たけしば伝説考
たけしば伝説が伝える歴史的原像は何か
更級日記のたけしば伝説はこの日記だけが伝える話だという。竹芝という地名は東京港「竹芝桟橋」で有名だが、これは大正時代、埋立地に新たにつけられた竹芝町に由来するので歴史的地名ではない。
さて竹芝は平将門の乱に関して登場する武蔵竹芝との関連で話題にされる。例えば、森田悌はつぎのような見方をしている。
<以下引用>
『1020(寛仁4年)に上総国司の任を終えた父菅原孝標と一緒に帰京の途にあった『更級日記』の著者は、武蔵国を通った折に、かつて帝の姫君と親しくなった武蔵国出身の衛士たけしばの男が姫とともに郷里へ逃げ帰り、姫は連れ戻されかかったが都へ帰らないといい、結局許されて男は武蔵の姓を与えられ、武蔵国の支配を任され、姫と幸福に暮らした、という伝承を聞いた。

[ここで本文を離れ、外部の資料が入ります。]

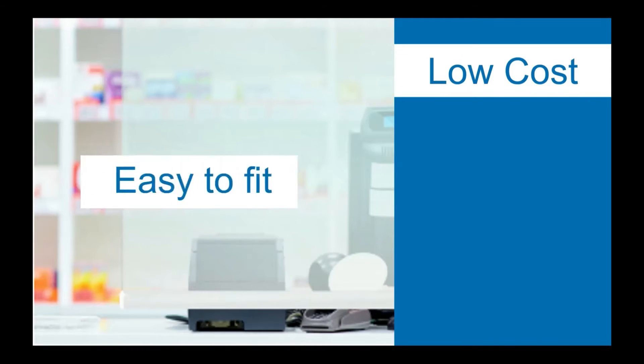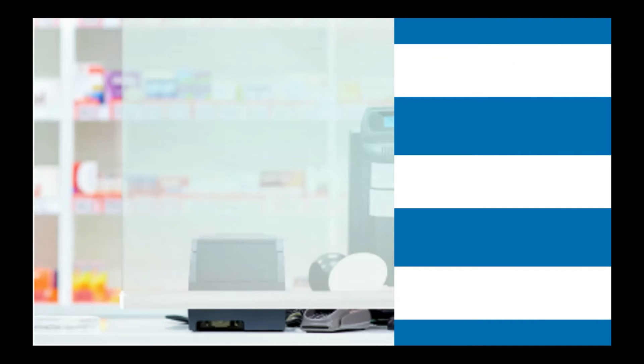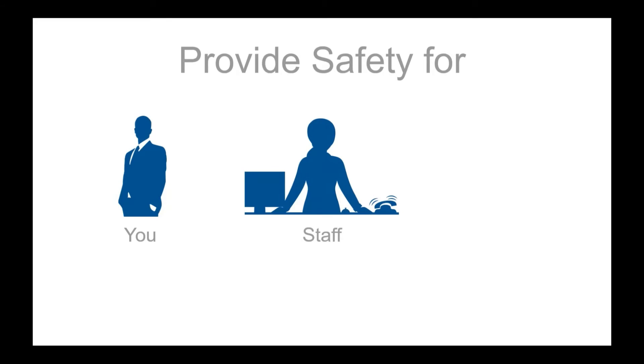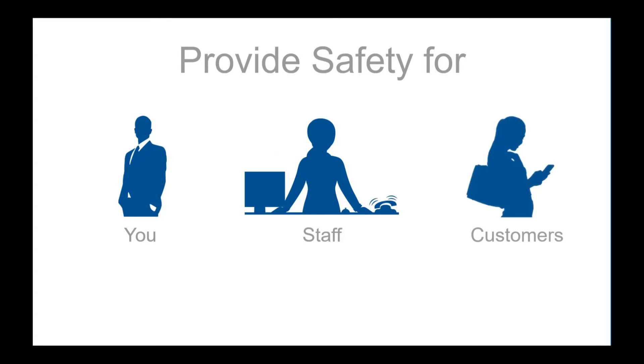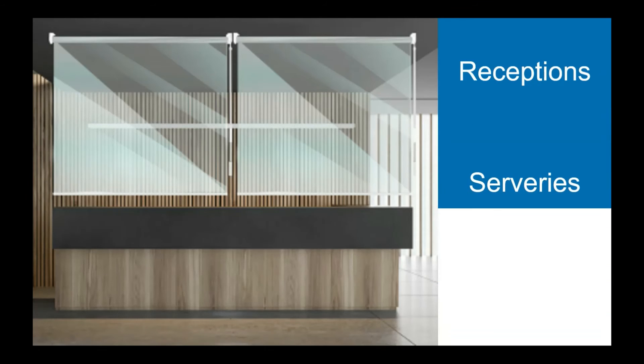A low cost, easy to fit and use transparent screen, allowing staff to stay safe from coughs and sneezes and help prevent the spread of viruses, giving you, your staff and your customers reassurance that they can stay safe whilst keeping your business going or when you start up again. This is a must for all receptions, surgeries and shop counters.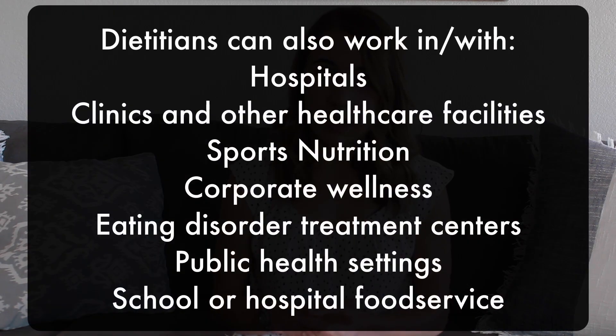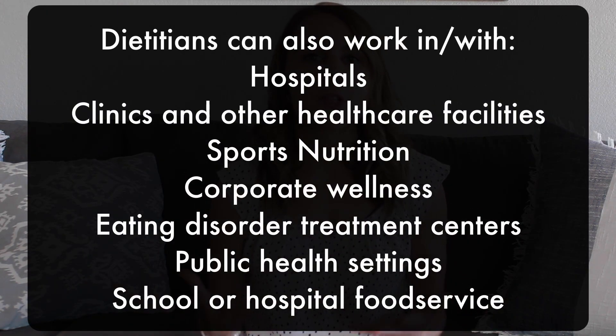Dietitians can work in a variety of settings. I work in an outpatient private practice, doing one-on-one nutrition counseling for patients referred for various health conditions — whether it's diabetes, heart disease, weight management, failure to thrive for those who are underweight, or people with feeding tubes who need proper nutrition. We work with a variety of different people, making lifestyle changes using evidence-based research. There are so many different areas that dietitians work, which shows how versatile this profession is.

孝標の娘が見たのは、たけしばの居館跡の礎石のみであったが、『更級日記』の中にかなり詳しくこの伝承を引いている。
このたけしばの男の原像がいかなる人物であったかは研究者の追求するところとなっており、八世紀武蔵国足立郡司家の出で藤原仲麻呂の乱鎮圧過程で功績をあげ武蔵宿禰を賜姓され、中央官人」の仲間入りをした丈部不破麻呂と、将門が国司との紛争を調停した足立郡司武蔵竹芝が考えられているようである。(竹内理三「将門記解説」日本思想大系)『古代政治社会思想』岩波書店1979)。丈部不破麻呂にしても武蔵竹芝にしても帝の姫君と逃げ帰ったということは考えられないが、不破麻呂は異例の出世をして武蔵宿禰を賜っているので、原像の一部である可能性は十分にあろう。
竹芝は名がたけしばの男と通じており、原像となっていることは確実だと思われる名前の通うことから、竹芝のほうがたけしばの原像としてより大きな比重を持っているのではあるまいか。郡司竹芝の富裕や、「撫育の方、あまねく民家にあり」(『将門記』)とされた治績がたけしば像形成の因子となっているのであろう。
しかし、将門の乱後八十年経った1020年に『更級日記』の作者が通りかかったときは、たけしばの跡が礎石のみだというのであるから、かつて栄えていた竹芝は急速に衰微し、礎石を通じて威勢がしのばれる伝説上の人物になっていたのである。将門の乱が起きたころは東国において大きな社会変動が起こりつつあり、律令時代以来郡司に代表される在地豪族層が退転し、代わって京下の王臣子孫・前司子弟などといわれる人たちが留任して積極的な開発を展開し、富裕かつ重要な政治勢力として浮揚してきていたのである。』